There’s nothing more exhilarating than riding in a Jeep through masses of standing water. With each push forward, my friend Angela expertly maneuvered through enormous puddles, sending fountain-like arcs of aquatic glory past my passenger-side window.

This was joy to me.

It was a welcome reprieve considering the past couple of years had unraveled in ways I never saw coming. In fact, this watery wonder, cruising through the quaint streets of the beloved beach island I called home, was a rare outing for me.

I wouldn’t call myself a shut-in exactly, but if you had spotted me out and about in recent months, you might have likened it to a unicorn sighting—rare and a shock to the system. Rare, because leaving my house required something other than pajamas. Shocking, because it meant I had somehow rallied after a morning of ugly crying.

These days, the ugly cries came less frequently, but getting out the door still required careful planning and a healthy dose of positive self-talk. Angela, sensing all I had been through, didn’t attempt to fill the space between us with mindless chatter. She let the air breathe, allowing our hearts to settle into a comforting silence.

And wouldn’t you know it? In that silence, as we rolled forward over the waterlogged road, a rainbow appeared.

It was magnificent. A full curve stretching across the sky, untouched by a single cloud. We both took it in, wordless at first, until Angela finally spoke the thought we were both holding:

“This has to mean brighter days are ahead.”

I nodded, hoping with everything in me that she was right. Not just for our community, which had been pummeled by weeks of relentless storms, but selfishly, for me. I needed this to mean something. The universe wouldn’t place something so breathtaking in my path if life wasn’t about to shift in a meaningful way… right?

At that moment, although I wasn’t ready for it, a tiny doorway of hope cracked open in my heart.

Angela pulled into my driveway, gave me one of those deep, soulful hugs she’s known for, and I stepped onto the sand-packed pavers, feeling something I hadn’t felt in a long time: the possibility of relief.

But relief never came.

The next morning, I woke up expecting transformation. I brushed my teeth, looked in the mirror, and waited for the shift. And then it hit me. Nothing had changed.

Worse yet, everything that had once shattered me remained intact, as if locked in a forgotten pause. My father was gone—forever. And instead of the clarity or closure I had hoped for, I was left with the unsettling reality that some pieces of life can never be fully mended.

By some unknown force of grace, the years, months, and weeks leading up to our last conversations allowed them to be light, even warm. A reminder that the love we shared, though imperfect, continued to move freely in both directions. And still, his sudden departure sent shockwaves through my family, shifting fault lines in ways I couldn’t control. Unable to bear it, like a sea turtle stunned motionless after a sudden freeze warning, I collapsed inward and began my retreat from the external world.
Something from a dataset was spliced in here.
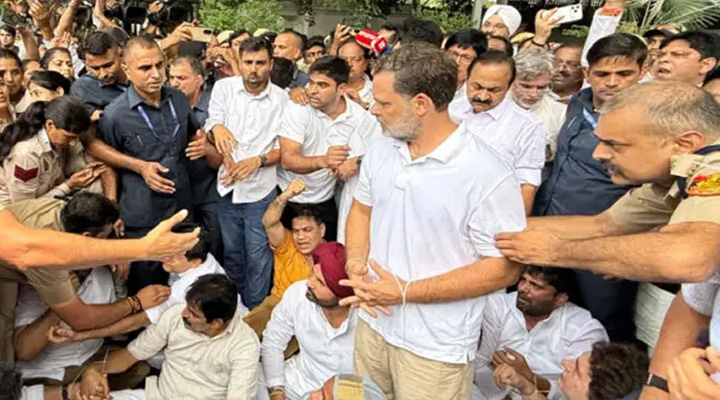 দিল্লিতে বিক্ষোভ থেকে রাহুল-প্রিয়াঙ্কা গান্ধী আটক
Then, there was my future looming over me, a blank slate waiting to be filled. My identity had been tethered to raising my boys, but soon, my nest would be empty.

I had no roadmap for what came next. I had tried to carve out a new path through writing and building a mindful and self-compassionate community, but since my father’s death, that dream and the energy for it had faded.

My reflection met my gaze, uncertain and hesitant. Fifty years etched into my skin, fine lines tracing both laughter and worry, a strip of silver roots marking the passage of time, yet I felt invisible in a world that had seemingly moved on.

What now, rainbow? What now?

And beyond the grief, beyond the exhaustion, there was something else.

Anger.

How dare that rainbow give me hope? How dare it let me believe, even for a moment, that things were about to get better? I felt tricked, betrayed by my own willingness to believe in something beyond my suffering.

But as I spiraled deeper into my chasm of despair, something else took shape on the edges of my soul. A truth so simple, so unshaken by my sorrow, that it stopped me in my tracks.

I finally learned the truth about rainbows.

Rainbows do not exist to change our lives. They do not come with promises or guarantees. They are not here to tell us whether things will get better or stay the same.

A rainbow’s only purpose is to illuminate what already exists. To take the ordinary and, for a fleeting moment, drench it in color. It does not erase the rain, nor does it undo the storm. But it shifts our perception. It allows us to see the world, and ourselves, in a way that feels momentarily brighter.

And maybe, just maybe, that is enough.

Maybe healing is not about waiting for life to change but about learning to be with life exactly as it is. Maybe it’s about making space for the full spectrum of our emotions—grief and wonder, despair and hope, pain and beauty—without needing to force one away to make room for the other.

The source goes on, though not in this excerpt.